#### [Task prompt]
Beginning with the line that has "Shipping Container gentian", please write out the remaining lines of the material exactly, the last one included.

---------------

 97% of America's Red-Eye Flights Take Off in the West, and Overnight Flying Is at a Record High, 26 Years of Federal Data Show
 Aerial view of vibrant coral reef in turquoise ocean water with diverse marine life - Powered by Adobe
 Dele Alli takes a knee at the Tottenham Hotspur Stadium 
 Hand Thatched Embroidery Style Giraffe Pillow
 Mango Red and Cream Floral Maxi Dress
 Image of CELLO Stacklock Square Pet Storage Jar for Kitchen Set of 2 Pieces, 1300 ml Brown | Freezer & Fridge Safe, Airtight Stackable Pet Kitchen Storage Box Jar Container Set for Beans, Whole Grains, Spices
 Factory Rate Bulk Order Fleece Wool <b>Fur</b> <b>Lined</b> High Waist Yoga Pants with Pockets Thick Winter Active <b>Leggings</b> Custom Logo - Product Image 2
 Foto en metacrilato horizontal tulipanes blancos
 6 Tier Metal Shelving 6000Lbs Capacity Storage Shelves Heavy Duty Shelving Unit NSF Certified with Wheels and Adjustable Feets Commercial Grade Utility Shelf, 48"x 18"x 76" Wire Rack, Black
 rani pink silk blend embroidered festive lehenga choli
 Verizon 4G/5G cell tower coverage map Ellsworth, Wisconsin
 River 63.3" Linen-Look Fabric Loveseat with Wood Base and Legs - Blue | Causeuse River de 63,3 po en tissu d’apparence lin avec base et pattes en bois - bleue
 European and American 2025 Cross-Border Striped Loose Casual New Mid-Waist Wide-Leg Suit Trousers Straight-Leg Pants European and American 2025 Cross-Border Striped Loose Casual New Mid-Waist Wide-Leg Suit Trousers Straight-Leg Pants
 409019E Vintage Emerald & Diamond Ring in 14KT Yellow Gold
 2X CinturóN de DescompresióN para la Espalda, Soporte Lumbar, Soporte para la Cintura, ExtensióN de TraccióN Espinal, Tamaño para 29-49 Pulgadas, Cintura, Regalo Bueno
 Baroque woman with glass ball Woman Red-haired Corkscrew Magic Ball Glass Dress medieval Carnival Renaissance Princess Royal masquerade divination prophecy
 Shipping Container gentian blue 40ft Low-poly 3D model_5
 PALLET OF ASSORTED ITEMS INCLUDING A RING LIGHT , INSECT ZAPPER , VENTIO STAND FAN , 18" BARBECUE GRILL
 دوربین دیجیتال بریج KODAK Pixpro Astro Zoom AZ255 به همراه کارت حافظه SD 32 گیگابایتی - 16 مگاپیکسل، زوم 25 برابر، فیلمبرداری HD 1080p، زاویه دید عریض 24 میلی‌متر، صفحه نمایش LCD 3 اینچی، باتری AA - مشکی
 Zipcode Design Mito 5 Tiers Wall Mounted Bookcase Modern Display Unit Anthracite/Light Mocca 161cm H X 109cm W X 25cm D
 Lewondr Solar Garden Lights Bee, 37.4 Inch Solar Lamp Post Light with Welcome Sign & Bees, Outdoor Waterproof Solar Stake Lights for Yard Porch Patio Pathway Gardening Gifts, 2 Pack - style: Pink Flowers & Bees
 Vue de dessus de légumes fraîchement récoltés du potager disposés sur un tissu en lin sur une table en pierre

---------------

#### [Exercise response]
 Shipping Container gentian blue 40ft Low-poly 3D model_5
 PALLET OF ASSORTED ITEMS INCLUDING A RING LIGHT , INSECT ZAPPER , VENTIO STAND FAN , 18" BARBECUE GRILL
 دوربین دیجیتال بریج KODAK Pixpro Astro Zoom AZ255 به همراه کارت حافظه SD 32 گیگابایتی - 16 مگاپیکسل، زوم 25 برابر، فیلمبرداری HD 1080p، زاویه دید عریض 24 میلی‌متر، صفحه نمایش LCD 3 اینچی، باتری AA - مشکی
 Zipcode Design Mito 5 Tiers Wall Mounted Bookcase Modern Display Unit Anthracite/Light Mocca 161cm H X 109cm W X 25cm D
 Lewondr Solar Garden Lights Bee, 37.4 Inch Solar Lamp Post Light with Welcome Sign & Bees, Outdoor Waterproof Solar Stake Lights for Yard Porch Patio Pathway Gardening Gifts, 2 Pack - style: Pink Flowers & Bees
 Vue de dessus de légumes fraîchement récoltés du potager disposés sur un tissu en lin sur une table en pierre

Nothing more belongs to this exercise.